Troubleshooting & Maintenance

Q9: What should I do if an ONU fails to register with the C300?
A9: Troubleshoot step-by-step: ① Check optical power (GPON Class B+: -8~-28 dBm; Class C+: -8~-32 dBm) and fiber continuity; ② Verify ONU authentication settings (SN/Password-based) match the C300 configuration; ③ Check ONU type profile and DBA template configuration; ④ Inspect PON port status (no shutdown) and ensure no port isolation or VLAN mismatches; ⑤ Use embedded OTDR (in SFP) to detect fiber faults if necessary.
Q10: How to resolve uplink bandwidth bottlenecks or link instability?
A10: Solutions include: ① Enable link aggregation (IEEE 802.3ad) to combine multiple uplink ports for higher bandwidth; ② Check LACP/STP/RSTP configuration to avoid loopbacks; ③ Verify DBA template settings to allocate bandwidth reasonably for upstream traffic; ④ Replace faulty SFP modules or check optical fiber attenuation; ⑤ Monitor uplink port traffic via RMON II to identify congestion points.
Q11: What are the common causes of multicast (IPTV) service interruptions?
A11: Common causes and fixes: ① IGMP snooping/proxy not enabled on the PON port; enable it and confirm multicast VLAN configuration; ② Multicast group limit exceeded (max 1k groups); adjust group capacity settings; ③ CAC (Call Admission Control) blocking new streams; optimize CAC parameters; ④ Fiber attenuation too high causing packet loss; test and repair the fiber link.
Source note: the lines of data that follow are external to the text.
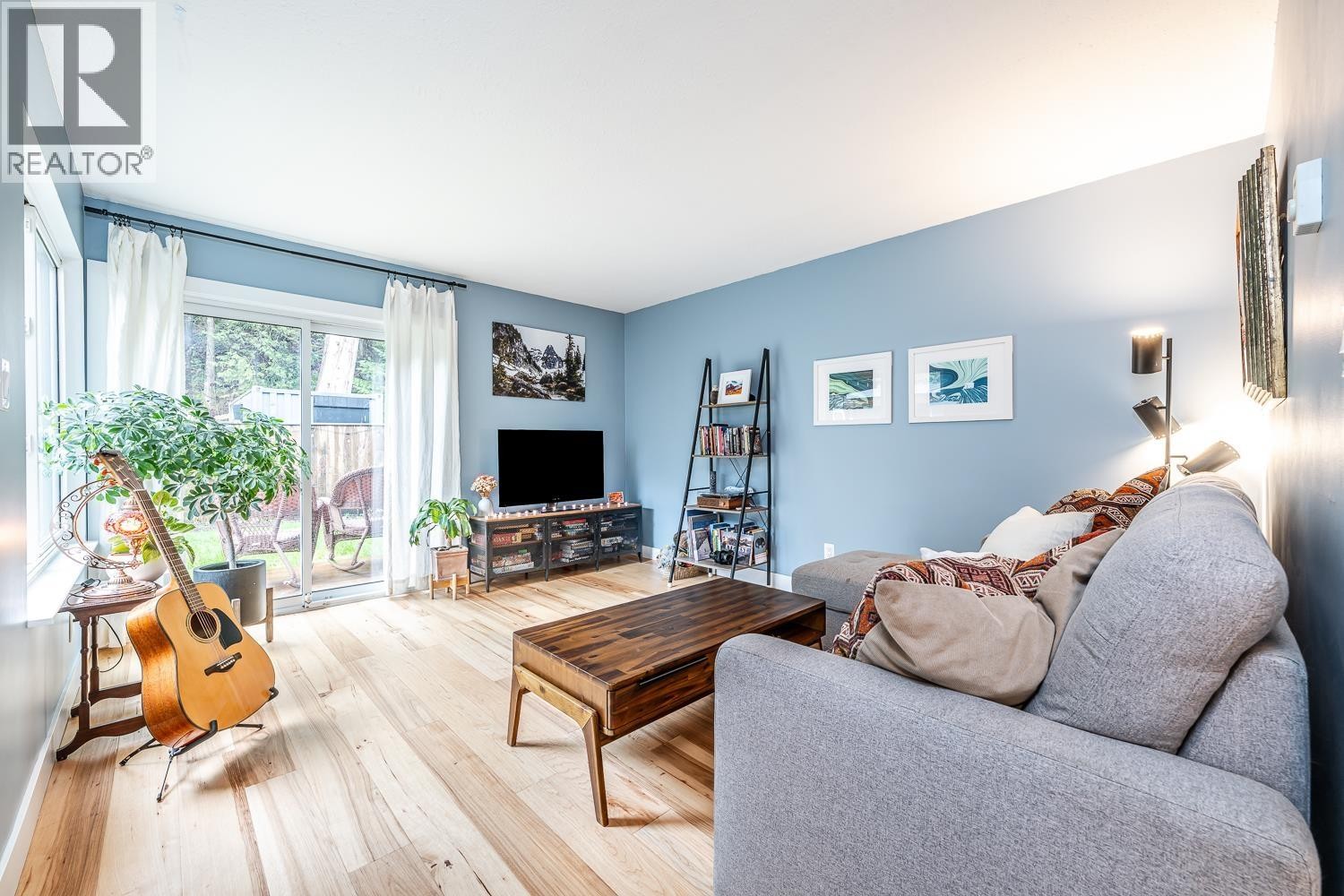 












40628 PERTH DRIVE

,
Squamish,




British Columbia
V0N1T0

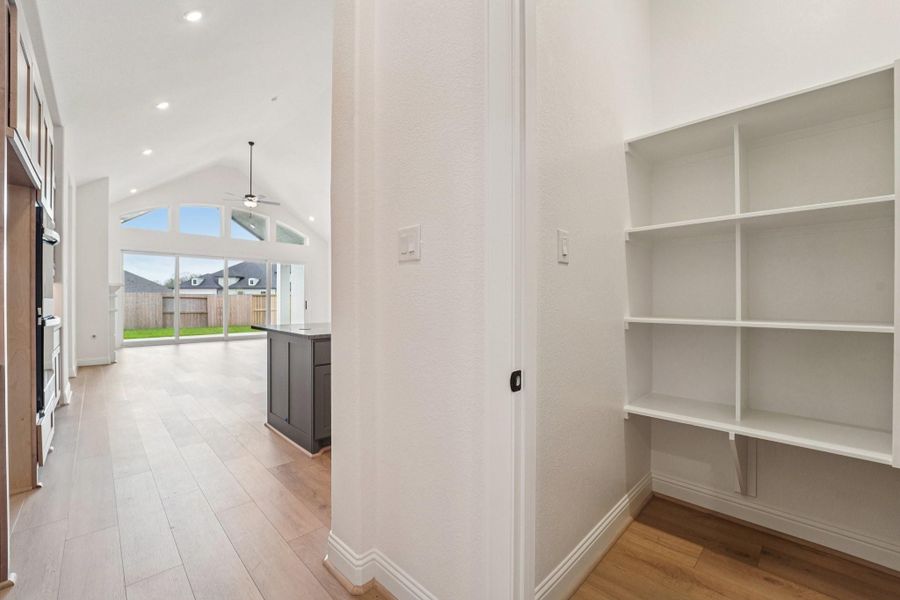 Spacious, unfurnished interior of a new home in Sienna 65', Missouri City (Image 30).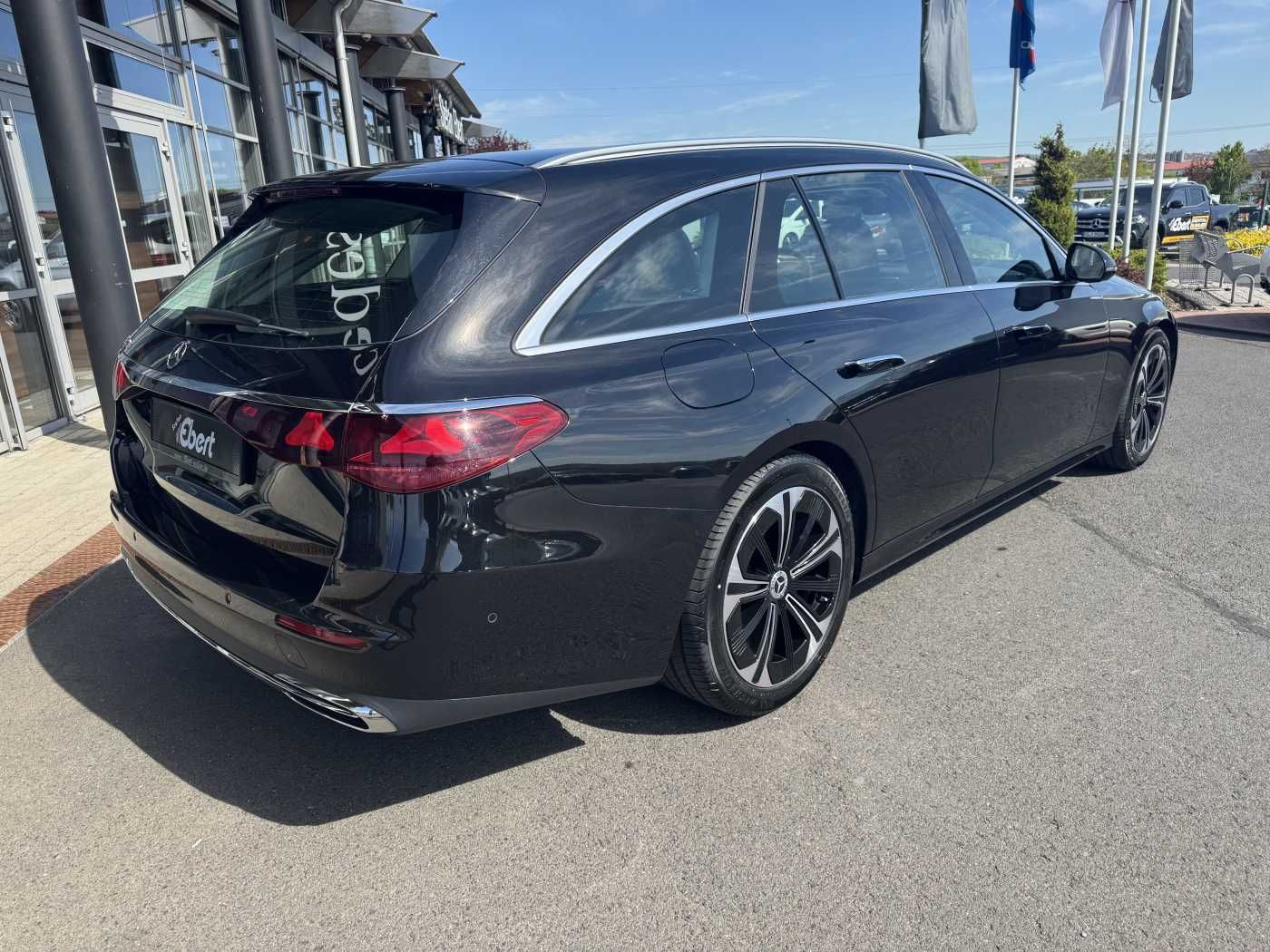 Fahrzeugabbildung Mercedes-Benz E 220 d Avantgarde+Pano+AHK+Distr+19Zoll+MBUX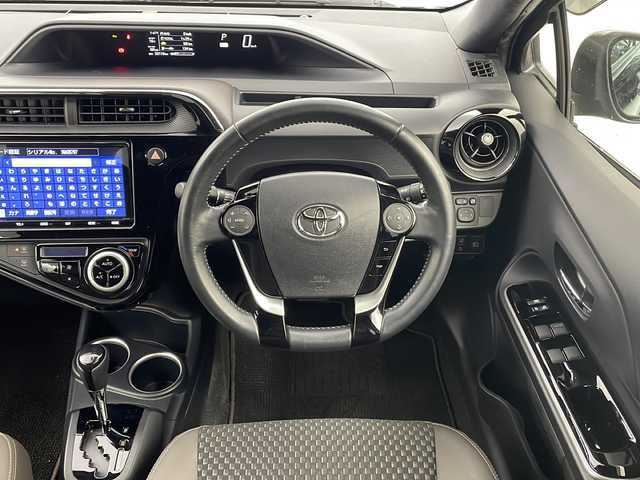 トヨタ アクア クロスオーバー グラム 宮城県 2018(平30)年 5.4万km ブラックマイカ ハーフレザーシート/トヨタセーフティセンス/・プリクラッシュセーフティ/・レーンディパチャーアラート/・オートハイビーム/・クリアランスソナー（前後）/純正9型ナビ/ナビロックの為確認不可/バックカメラ/LEDヘッドライト/LEDフォグライト/純正ドライブレコーダー（フロント）/ビルドインETC/革巻きステアリング/ステアリングスイッチ/プッシュスタート/スマートキー/純正フロアマット/純正16インチアルミホイール/ドアバイザー/横滑り防止装置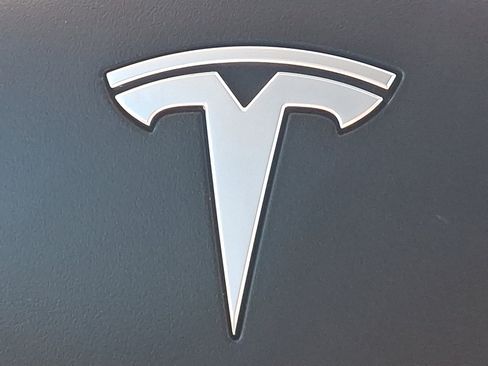 Used 2024 Tesla Model Y Long Range AWD/4WD image 31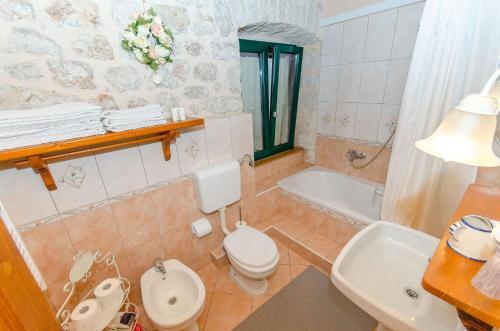 Apartments Vedrana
Deployment & Compatibility

Q12: What is the operating environment requirement for the C300?
A12: It supports harsh operating conditions: Temperature range -25℃~+55℃ (storage: -40℃~+65℃); humidity 5%~95% (non-condensing); power supply: -48V DC (working range -38.4V~-72V) with dual power redundancy, optional 220V/110V AC input for specific models.
Q13: Is the C300 compatible with third-party ONUs and future NG-PON technologies?
A13: It is compatible with ONUs compliant with ITU-T G.984.x (GPON) and G.987.x (XGPON1) standards, supporting interconnection with mainstream third-party ONUs. For future evolution, it supports smooth migration to NG-PON2 (TWDM PON) via line card replacement, protecting investment without full system upgrade.